§ Given entries:
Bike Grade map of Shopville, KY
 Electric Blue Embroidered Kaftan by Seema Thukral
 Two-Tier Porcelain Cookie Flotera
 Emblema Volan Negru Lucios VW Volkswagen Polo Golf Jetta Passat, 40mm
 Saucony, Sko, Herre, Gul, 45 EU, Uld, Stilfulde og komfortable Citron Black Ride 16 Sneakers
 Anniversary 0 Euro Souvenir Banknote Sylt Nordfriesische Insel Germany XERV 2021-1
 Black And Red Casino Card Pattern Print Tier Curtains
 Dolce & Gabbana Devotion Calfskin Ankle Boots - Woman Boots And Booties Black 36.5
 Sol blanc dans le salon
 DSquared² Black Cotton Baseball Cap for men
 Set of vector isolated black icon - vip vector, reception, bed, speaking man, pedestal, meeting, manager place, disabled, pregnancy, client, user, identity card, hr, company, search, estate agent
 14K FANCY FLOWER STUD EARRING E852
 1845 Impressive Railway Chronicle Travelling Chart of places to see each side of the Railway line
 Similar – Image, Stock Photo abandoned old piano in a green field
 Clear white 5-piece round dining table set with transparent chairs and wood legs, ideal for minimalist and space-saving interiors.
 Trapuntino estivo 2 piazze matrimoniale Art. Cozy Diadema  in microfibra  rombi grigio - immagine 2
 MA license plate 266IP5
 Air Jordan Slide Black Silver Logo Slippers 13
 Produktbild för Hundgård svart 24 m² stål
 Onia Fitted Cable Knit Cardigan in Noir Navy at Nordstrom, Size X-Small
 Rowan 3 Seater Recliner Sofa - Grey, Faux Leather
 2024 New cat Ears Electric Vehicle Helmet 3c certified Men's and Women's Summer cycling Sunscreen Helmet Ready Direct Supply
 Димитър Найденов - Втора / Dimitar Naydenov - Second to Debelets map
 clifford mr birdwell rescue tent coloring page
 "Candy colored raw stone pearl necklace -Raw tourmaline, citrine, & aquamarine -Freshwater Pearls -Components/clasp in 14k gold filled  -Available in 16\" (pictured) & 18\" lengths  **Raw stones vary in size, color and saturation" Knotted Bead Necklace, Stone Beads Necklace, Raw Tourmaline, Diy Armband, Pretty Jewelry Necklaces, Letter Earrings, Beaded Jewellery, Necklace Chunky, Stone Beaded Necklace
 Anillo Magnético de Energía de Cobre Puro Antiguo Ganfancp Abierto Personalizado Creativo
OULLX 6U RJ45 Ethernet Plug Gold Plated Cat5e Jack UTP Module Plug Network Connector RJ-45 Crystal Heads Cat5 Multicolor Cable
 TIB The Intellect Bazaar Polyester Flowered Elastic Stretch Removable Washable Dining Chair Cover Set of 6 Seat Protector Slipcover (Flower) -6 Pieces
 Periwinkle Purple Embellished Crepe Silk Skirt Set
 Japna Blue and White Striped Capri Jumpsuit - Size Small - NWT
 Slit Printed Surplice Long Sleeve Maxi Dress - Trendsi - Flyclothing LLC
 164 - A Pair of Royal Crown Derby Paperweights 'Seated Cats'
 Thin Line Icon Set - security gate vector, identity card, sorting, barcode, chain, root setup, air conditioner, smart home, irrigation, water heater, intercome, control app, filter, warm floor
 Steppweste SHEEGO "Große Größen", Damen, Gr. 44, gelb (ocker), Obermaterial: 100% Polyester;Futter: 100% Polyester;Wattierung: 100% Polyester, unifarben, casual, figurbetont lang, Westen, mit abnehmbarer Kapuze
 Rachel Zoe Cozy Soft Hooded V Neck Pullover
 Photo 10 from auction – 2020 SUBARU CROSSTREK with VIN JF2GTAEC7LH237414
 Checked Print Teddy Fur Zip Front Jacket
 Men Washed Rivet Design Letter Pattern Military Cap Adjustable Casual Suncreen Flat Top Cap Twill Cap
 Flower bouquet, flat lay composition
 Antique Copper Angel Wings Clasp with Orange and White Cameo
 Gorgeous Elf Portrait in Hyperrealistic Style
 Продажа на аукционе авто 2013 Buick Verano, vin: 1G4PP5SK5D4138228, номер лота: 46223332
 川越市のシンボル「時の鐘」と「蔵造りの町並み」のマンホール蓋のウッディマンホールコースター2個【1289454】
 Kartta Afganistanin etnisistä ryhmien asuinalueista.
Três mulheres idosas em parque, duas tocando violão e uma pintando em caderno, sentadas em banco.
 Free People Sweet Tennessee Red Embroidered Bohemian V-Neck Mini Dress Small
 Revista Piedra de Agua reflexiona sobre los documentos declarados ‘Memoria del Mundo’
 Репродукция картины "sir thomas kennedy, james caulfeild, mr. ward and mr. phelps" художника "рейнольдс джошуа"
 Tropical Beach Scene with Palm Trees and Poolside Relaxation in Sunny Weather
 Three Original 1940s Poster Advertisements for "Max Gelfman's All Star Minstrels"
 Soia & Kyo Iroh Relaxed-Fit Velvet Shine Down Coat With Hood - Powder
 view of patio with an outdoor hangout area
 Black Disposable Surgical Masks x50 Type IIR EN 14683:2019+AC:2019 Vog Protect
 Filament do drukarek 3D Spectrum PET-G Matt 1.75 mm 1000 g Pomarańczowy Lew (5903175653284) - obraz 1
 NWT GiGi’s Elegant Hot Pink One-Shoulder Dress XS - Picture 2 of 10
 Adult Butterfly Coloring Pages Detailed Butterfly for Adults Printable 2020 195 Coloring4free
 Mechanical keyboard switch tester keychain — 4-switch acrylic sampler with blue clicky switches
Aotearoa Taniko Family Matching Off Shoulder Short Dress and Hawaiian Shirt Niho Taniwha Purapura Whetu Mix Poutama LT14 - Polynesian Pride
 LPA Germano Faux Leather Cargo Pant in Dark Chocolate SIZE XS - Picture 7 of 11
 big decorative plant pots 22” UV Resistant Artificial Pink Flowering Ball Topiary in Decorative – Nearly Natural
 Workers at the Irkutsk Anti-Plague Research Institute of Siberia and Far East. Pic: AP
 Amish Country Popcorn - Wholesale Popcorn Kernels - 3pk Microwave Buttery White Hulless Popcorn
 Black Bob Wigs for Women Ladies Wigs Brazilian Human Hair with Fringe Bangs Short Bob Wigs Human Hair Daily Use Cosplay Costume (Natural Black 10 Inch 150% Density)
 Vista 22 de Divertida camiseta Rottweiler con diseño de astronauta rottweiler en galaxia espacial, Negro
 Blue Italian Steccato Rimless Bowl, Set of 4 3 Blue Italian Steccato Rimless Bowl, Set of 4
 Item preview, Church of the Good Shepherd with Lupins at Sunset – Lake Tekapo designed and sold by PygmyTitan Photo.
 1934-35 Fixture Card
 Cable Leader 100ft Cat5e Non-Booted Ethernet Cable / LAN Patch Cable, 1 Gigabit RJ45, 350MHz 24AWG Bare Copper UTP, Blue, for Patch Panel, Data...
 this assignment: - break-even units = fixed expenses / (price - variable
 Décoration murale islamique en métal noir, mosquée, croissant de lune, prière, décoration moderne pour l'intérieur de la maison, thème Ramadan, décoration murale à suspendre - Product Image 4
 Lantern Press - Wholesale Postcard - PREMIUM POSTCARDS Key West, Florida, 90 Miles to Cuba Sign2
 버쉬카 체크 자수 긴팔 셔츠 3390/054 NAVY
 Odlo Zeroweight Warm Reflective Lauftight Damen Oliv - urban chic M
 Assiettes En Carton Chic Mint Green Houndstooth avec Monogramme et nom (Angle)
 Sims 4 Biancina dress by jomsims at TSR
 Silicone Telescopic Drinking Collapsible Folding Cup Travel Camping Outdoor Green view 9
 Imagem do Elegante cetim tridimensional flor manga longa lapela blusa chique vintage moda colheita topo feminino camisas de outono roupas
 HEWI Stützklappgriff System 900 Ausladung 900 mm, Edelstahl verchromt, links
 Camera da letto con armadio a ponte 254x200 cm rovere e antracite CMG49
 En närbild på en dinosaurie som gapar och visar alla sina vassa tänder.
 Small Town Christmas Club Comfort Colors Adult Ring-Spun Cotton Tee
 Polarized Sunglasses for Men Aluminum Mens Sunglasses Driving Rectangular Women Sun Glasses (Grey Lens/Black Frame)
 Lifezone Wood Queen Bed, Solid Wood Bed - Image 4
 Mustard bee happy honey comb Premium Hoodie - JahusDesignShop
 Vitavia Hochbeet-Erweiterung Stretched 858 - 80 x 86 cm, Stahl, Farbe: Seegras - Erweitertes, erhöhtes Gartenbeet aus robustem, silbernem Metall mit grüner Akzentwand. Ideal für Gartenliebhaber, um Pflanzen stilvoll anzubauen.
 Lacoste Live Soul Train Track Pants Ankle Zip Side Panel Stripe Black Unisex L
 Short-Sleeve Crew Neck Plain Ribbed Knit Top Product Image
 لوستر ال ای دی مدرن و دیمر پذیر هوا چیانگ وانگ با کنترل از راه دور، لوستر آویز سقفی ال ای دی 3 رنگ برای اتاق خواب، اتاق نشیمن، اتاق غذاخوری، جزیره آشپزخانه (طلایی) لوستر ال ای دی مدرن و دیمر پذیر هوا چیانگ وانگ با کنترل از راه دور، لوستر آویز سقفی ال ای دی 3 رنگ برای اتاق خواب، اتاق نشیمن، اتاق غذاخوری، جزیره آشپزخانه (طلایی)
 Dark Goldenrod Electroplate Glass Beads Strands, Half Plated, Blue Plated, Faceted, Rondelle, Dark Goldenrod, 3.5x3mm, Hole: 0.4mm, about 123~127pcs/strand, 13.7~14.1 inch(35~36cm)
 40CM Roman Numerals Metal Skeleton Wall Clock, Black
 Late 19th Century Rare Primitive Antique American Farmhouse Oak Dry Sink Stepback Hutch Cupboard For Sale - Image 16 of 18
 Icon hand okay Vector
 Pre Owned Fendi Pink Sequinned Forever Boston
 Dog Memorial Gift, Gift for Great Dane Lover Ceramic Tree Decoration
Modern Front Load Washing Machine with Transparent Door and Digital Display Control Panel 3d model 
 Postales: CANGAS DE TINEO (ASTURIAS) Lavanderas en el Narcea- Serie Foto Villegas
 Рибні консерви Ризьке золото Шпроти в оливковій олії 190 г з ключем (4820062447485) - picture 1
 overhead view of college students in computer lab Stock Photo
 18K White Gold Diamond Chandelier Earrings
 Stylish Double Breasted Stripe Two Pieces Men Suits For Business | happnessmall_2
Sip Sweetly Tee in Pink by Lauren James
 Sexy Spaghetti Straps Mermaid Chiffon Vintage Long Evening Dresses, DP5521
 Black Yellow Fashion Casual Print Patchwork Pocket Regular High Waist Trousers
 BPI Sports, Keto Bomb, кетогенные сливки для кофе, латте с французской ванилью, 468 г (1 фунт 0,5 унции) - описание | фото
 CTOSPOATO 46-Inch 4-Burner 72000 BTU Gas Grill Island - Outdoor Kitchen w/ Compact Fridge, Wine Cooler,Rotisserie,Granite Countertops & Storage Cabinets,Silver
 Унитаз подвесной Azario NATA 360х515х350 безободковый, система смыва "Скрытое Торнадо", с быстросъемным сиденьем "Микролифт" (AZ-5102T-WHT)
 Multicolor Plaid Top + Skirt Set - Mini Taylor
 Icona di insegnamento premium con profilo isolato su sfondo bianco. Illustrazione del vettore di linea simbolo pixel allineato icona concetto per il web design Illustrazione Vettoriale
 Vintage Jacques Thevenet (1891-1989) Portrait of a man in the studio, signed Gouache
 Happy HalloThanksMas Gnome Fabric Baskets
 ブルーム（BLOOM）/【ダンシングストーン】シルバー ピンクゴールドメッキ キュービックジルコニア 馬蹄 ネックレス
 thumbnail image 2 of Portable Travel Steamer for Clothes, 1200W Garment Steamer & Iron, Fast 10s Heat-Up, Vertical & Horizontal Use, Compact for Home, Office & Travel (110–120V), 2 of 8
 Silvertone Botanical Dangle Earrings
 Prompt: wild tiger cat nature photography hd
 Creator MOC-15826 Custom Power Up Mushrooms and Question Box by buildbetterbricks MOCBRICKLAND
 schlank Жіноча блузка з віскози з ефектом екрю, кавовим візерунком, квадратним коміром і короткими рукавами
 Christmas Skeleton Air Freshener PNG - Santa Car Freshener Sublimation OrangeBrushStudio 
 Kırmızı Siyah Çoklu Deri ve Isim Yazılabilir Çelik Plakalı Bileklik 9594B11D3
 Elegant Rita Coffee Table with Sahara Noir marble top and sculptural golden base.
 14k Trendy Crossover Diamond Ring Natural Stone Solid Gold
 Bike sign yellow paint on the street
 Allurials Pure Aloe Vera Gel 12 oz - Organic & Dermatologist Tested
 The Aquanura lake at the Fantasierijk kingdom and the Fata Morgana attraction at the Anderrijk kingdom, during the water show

§ Exercise directions: In the data above, find the line that contains "Late 19th Century" and the line that contains "Pre Owned Fendi". Repeat exactly those lines and every line between them, and only those.

§ Result:
 Late 19th Century Rare Primitive Antique American Farmhouse Oak Dry Sink Stepback Hutch Cupboard For Sale - Image 16 of 18
 Icon hand okay Vector
 Pre Owned Fendi Pink Sequinned Forever Boston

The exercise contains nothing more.